Marshall Islands Marine Resources Authority (MIMRA) officials, along with their NZMFAT Offshore Fisheries Advisor, were in Bangkok, Thailand this week to attend the 6th Global Fisheries Enforcement Training Workshop (GFETW)* from 18 – 22 February 2019.
Along the margins, the team took the opportunity to hold brief bilateral discussions with the Thailand Department of Fisheries on issues of mutual interest, namely, the signing of a fisheries cooperation Memorandum of Understanding (MoU).
The MoU, signed on 22 February, is the result of a year-long engagement between the 2 countries whereby both sides identified that reciprocal exchange of fisheries data was an area of critical importance that would require mutual collaboration between key players, in this case, RMI (Majuro) being arguably the busiest transhipment port in the world and Thailand (Bangkok) as the largest tuna receiving/processing port.
With the signing of the MoU, the RMI, through MIMRA, will now be able to receive verified weights of tuna catches that are transhipped in Majuro and offloaded in Bangkok from Thai fisheries inspection officers on a regular basis.
In essence, this will enable officers on both sides to trace the catch both ways to ensure its legality throughout the entire chain of custody thereby preventing Illegal, Unreported, and Unregulated (IUU) fishing practices. This verified information is vital to further understand the magnitude of the catch underreporting problem in the region.
MIMRA will provide relevant transhipment data to Thailand’s Department of Fisheries including estimation of volumes transhipped in Majuro port along with departure clearance of carrier vessels with full traceability of catch on board and hatch plan totals – information that Thailand has otherwise been unable to collect from Coastal States whose EEZs the catch is taken and in this case the port of Majuro where a large volume of the tuna that ends up in Bangkok is transhipped from purse seine fishing vessels onto carrier vessels.

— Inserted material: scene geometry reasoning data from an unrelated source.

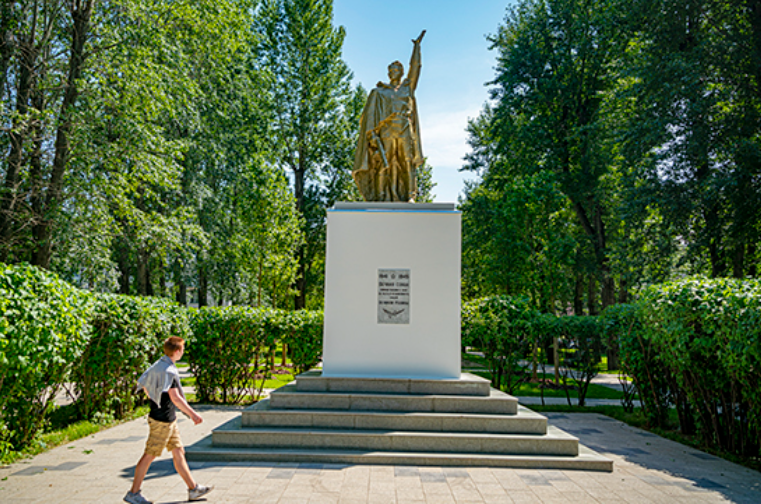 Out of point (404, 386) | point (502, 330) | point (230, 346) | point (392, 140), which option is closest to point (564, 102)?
point (502, 330)

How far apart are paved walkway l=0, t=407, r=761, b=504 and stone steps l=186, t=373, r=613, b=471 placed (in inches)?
7.1

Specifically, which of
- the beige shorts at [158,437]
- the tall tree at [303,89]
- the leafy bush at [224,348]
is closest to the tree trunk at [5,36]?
the leafy bush at [224,348]

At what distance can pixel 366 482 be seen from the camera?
4977 millimetres

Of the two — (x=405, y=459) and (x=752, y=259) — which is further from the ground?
(x=752, y=259)

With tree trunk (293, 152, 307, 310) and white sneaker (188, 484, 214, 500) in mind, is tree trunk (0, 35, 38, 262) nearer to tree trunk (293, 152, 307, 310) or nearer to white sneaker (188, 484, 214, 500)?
white sneaker (188, 484, 214, 500)

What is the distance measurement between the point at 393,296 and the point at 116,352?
15.4ft

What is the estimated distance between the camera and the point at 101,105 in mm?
11367

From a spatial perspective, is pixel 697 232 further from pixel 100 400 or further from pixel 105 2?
pixel 105 2

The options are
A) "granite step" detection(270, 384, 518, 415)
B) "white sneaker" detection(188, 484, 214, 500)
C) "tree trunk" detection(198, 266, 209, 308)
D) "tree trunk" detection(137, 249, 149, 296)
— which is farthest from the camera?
"tree trunk" detection(198, 266, 209, 308)

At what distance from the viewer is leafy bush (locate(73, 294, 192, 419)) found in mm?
7594

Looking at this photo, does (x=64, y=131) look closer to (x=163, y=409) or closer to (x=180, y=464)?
(x=163, y=409)

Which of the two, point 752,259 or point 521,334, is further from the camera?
point 752,259

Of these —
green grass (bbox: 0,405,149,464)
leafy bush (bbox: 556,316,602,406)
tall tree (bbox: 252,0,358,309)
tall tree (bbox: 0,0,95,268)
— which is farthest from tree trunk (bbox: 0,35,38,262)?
tall tree (bbox: 252,0,358,309)

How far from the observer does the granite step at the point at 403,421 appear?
→ 612cm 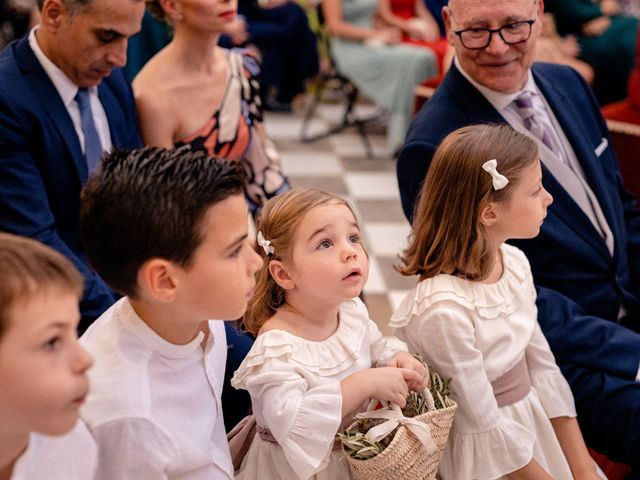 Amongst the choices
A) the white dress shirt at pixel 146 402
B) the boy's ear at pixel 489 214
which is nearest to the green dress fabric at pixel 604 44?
the boy's ear at pixel 489 214

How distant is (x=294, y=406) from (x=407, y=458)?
198mm

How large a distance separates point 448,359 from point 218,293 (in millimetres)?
518

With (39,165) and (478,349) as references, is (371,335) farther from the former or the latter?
(39,165)

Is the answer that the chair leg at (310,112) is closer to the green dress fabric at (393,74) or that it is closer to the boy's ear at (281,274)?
the green dress fabric at (393,74)

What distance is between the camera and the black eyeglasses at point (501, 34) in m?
2.13

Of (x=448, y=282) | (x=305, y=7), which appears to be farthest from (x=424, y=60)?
(x=448, y=282)

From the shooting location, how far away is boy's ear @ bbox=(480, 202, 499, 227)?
5.75 feet

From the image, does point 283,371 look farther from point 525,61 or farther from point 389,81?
point 389,81

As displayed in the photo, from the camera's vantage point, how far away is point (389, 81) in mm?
5777

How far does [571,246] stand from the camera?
2.12 meters

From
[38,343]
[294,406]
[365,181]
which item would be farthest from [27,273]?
[365,181]

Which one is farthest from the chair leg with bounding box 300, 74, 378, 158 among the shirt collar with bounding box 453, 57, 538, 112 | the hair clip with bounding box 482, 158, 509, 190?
the hair clip with bounding box 482, 158, 509, 190

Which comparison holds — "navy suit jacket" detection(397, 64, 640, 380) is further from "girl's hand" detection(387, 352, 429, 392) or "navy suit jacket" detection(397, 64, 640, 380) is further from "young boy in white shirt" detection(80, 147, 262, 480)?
"young boy in white shirt" detection(80, 147, 262, 480)

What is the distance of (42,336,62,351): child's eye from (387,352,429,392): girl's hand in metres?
0.67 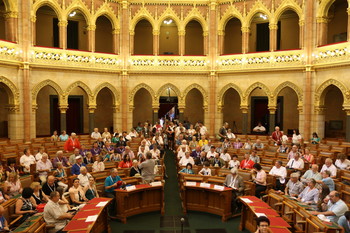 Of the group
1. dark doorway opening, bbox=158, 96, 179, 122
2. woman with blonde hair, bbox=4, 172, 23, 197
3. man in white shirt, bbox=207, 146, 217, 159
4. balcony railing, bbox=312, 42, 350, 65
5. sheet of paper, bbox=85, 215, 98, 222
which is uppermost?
balcony railing, bbox=312, 42, 350, 65

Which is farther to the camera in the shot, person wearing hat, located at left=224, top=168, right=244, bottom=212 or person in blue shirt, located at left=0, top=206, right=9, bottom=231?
person wearing hat, located at left=224, top=168, right=244, bottom=212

The MoU is in line with the RMI IUU-Free Pacific initiative as declared by H.E. Madam President Dr. Hilda C. Heine last year. Having this direct link of collaboration with a key player like Thailand further facilitates the fulfilment of obligations under the FAO Port State Measures Agreement (PSMA), which the RMI, through MIMRA, is currently considering signing and ratifying in the near future.

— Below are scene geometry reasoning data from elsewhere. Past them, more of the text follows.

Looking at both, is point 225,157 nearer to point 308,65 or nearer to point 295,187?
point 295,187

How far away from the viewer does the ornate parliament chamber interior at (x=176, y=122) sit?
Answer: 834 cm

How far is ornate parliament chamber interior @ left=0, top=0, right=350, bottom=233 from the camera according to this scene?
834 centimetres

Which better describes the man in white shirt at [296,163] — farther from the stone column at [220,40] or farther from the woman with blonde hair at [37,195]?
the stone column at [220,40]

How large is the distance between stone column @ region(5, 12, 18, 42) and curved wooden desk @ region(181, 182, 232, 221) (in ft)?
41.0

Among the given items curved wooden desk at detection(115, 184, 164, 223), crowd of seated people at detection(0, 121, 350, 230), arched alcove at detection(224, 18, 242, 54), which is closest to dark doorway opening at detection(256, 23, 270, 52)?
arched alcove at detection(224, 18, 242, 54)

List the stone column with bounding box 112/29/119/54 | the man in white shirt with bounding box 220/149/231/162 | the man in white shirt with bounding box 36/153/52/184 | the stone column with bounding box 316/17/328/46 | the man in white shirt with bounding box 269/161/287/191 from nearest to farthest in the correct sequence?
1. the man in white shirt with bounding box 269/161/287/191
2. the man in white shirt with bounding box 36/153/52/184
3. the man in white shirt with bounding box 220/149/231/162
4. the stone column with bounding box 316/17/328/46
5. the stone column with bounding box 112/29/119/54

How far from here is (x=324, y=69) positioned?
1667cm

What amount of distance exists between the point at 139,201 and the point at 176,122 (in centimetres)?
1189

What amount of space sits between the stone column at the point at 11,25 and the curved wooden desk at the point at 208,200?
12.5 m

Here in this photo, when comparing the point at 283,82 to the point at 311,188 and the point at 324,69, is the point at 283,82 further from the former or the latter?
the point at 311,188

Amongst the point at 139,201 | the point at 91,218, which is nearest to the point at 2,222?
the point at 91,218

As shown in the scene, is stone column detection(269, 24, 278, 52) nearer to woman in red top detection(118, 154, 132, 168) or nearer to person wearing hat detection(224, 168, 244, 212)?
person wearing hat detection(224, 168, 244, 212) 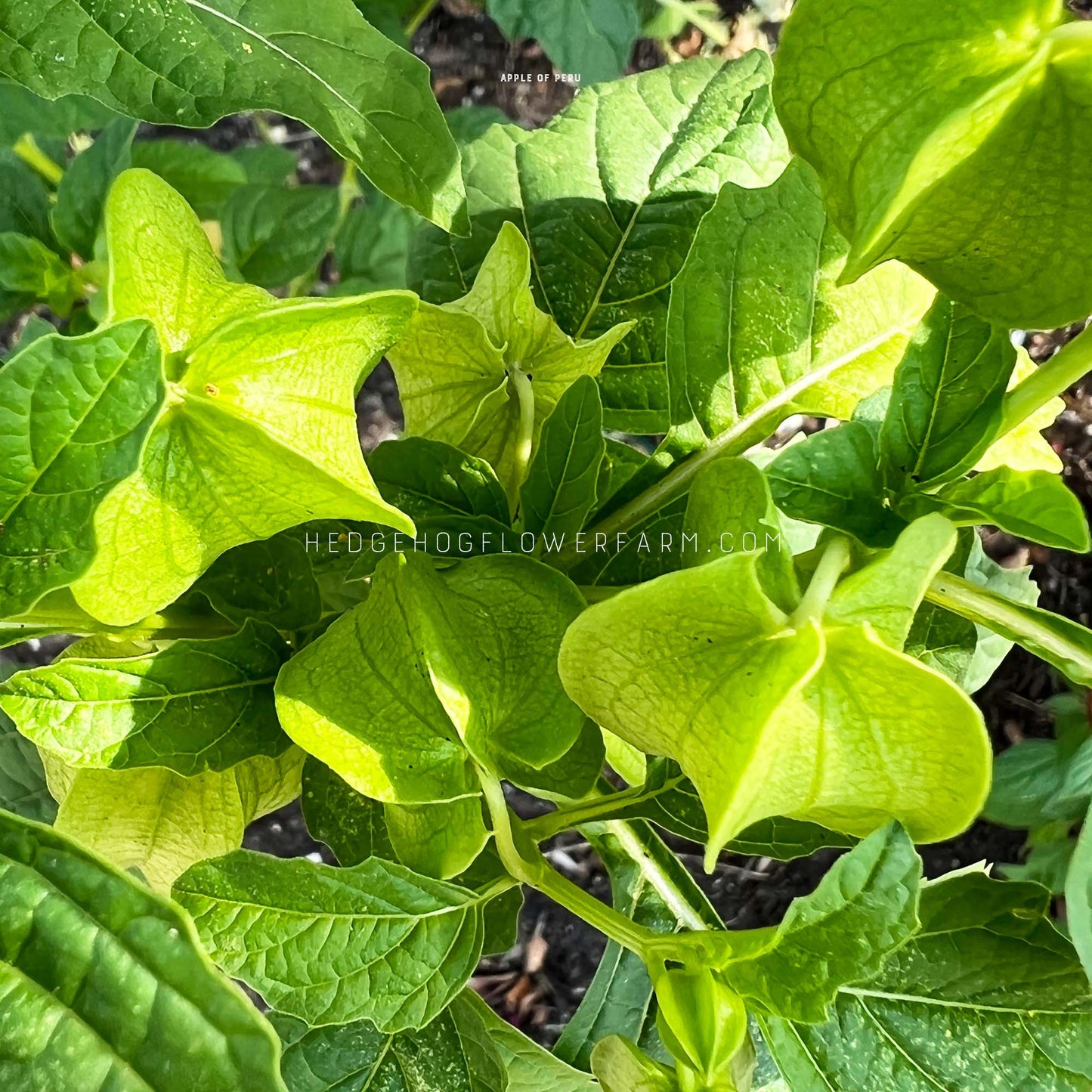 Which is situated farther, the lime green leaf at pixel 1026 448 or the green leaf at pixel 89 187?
the green leaf at pixel 89 187

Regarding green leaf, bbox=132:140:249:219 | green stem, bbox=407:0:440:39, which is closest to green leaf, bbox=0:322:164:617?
green leaf, bbox=132:140:249:219

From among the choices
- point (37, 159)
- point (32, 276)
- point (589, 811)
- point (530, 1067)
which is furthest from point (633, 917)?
point (37, 159)

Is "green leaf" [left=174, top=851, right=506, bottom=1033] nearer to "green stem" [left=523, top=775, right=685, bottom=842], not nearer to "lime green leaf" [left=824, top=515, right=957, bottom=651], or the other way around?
"green stem" [left=523, top=775, right=685, bottom=842]

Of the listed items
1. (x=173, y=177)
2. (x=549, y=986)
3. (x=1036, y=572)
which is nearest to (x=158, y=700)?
(x=173, y=177)

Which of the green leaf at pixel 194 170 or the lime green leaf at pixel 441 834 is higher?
the green leaf at pixel 194 170

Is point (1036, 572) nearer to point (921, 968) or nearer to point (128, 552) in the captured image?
point (921, 968)

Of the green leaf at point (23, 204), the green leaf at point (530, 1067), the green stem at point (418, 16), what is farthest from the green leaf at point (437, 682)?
the green stem at point (418, 16)

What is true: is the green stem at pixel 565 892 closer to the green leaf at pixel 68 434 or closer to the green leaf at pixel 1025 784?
the green leaf at pixel 68 434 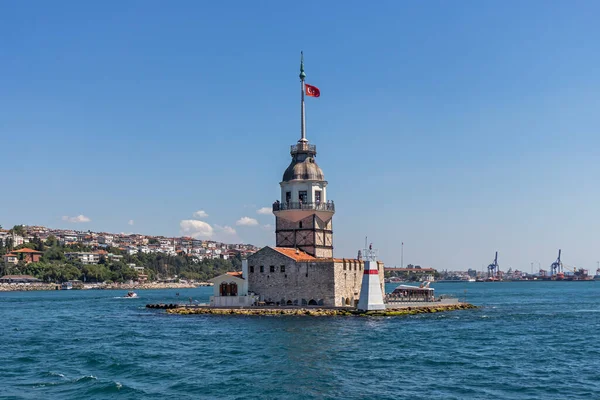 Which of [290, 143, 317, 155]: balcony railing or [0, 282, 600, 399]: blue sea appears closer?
[0, 282, 600, 399]: blue sea

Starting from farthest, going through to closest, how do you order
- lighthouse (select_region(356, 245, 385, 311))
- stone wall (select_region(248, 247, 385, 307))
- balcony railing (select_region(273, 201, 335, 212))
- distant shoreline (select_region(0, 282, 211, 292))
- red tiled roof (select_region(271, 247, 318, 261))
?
distant shoreline (select_region(0, 282, 211, 292))
balcony railing (select_region(273, 201, 335, 212))
red tiled roof (select_region(271, 247, 318, 261))
stone wall (select_region(248, 247, 385, 307))
lighthouse (select_region(356, 245, 385, 311))

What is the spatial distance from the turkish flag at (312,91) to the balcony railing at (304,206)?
922 cm

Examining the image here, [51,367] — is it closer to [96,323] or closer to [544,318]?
[96,323]

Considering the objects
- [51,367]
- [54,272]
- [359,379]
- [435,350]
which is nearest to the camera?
[359,379]

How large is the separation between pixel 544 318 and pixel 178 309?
100 ft

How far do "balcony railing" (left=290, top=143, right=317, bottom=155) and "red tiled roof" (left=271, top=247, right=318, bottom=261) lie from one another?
350 inches

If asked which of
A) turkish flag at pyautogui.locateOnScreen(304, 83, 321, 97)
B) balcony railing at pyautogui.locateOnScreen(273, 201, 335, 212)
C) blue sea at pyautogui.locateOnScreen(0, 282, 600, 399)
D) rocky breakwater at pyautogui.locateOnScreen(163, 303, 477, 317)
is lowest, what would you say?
blue sea at pyautogui.locateOnScreen(0, 282, 600, 399)

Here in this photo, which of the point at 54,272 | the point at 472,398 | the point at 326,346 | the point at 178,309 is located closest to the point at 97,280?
the point at 54,272

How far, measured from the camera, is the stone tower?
62.7 m

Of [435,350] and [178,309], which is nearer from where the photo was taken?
[435,350]

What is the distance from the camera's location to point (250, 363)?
1335 inches

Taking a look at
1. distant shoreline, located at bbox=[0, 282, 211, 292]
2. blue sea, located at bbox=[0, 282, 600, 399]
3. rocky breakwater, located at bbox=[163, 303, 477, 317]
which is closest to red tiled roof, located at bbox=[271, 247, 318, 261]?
rocky breakwater, located at bbox=[163, 303, 477, 317]

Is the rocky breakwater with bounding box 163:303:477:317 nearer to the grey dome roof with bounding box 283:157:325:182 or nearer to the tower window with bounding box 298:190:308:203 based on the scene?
the tower window with bounding box 298:190:308:203

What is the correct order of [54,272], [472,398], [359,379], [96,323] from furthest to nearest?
[54,272] → [96,323] → [359,379] → [472,398]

*The GFETW is a biennial or triennial conference organized by the International Fisheries Monitoring Control and Survelliance (MCS) Network to improve and enhance capacity and communications of MCS practitioners around the world. Sustainable fisheries can only be achieved when fishing is pursued in compliance with the applicable rules, and therefore all fishing activities in the world’s oceans and seas should be subject to adequate levels of monitoring, surveillance, inspection and enforcement.